La sentenza è stata pubblicata lunedì 15 marzo dalla sezione giurisdizionale contabile dell'Umbria. L'uomo, un 55enne,  avrebbe, in una serie di occasioni, "attestato falsamente la propria malattia falsificando i certificati medici: in tutto si è trattato di 27 giornate lavorative", è scritto nella sentenza. Il danno patrimoniale contestato, "da indebita percezione della retribuzione", è pari per l'appunto a 1.908,88 euro. Negli atti, oltre alle "prove evidenti della falsificazione dei certificati", c'è l'ammissione della colpa del diretto interessato. “Ammetto che le certificazioni in atti  - è riportato nel verbale - sono fotocopie di più originali ai quali ho cambiato soltanto la data ed in alcuni casi i giorni di prognosi. Ho fatto ciò in quanto ho attraversato e attraverso una fase di disagio di carattere psichico che non mi crea comunque pregiudizio per la mia attività lavorativa ma che in alcuni momenti mi impedisce di svolgere il servizio nel migliore dei modi, come ho sempre fatto. Evidenzio che tutto questo è dipeso da un abuso di sostanze alcooliche per il quale sono in terapia in ordine alla quale mi riservo di produrre certificazioni. Attualmente sto superando il momento di difficoltà lavorando con continuità e sono assolutamente disponibile a risarcire l’amministrazione per il danno erariale cagionato". Quasi duemila euro da pagare.

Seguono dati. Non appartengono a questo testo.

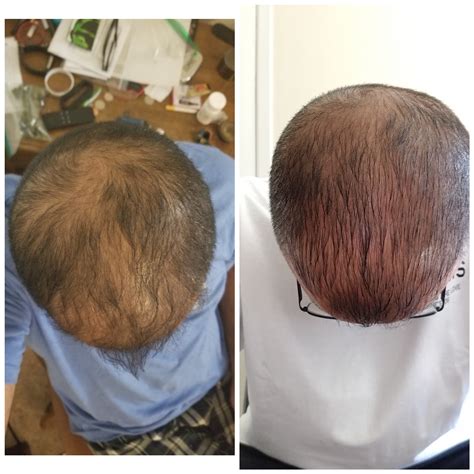 Coat your palms with a thin layer of cbd oil, then apply the oil directly to your scalp. CBD and Hair Growth Follow Up - 2 months of using cbd oil ...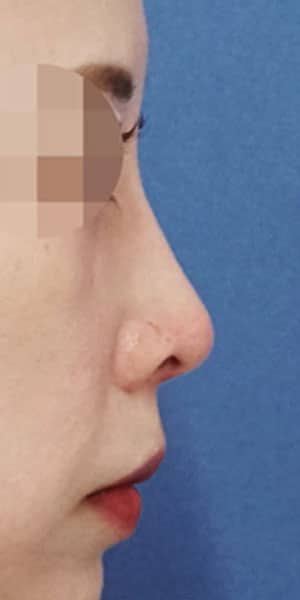 鼻尖縮小・軟骨移植・ストラット　６か月後　右側面のAfterの写真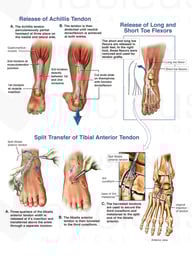Various Surgical Procedures for Varus Equinus Deformity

E non finisce qui. Ci sono anche gli interessi. "L’illecito contabile" scrivono i magistrati "ha natura di debito di valore e, secondo i criteri seguiti costantemente dalla giurisprudenza della Corte di cassazione devono, quindi, essere corrisposti gli interessi legali sulla somma rivalutata, anno per anno, dal momento dell’apprensione del beneficio".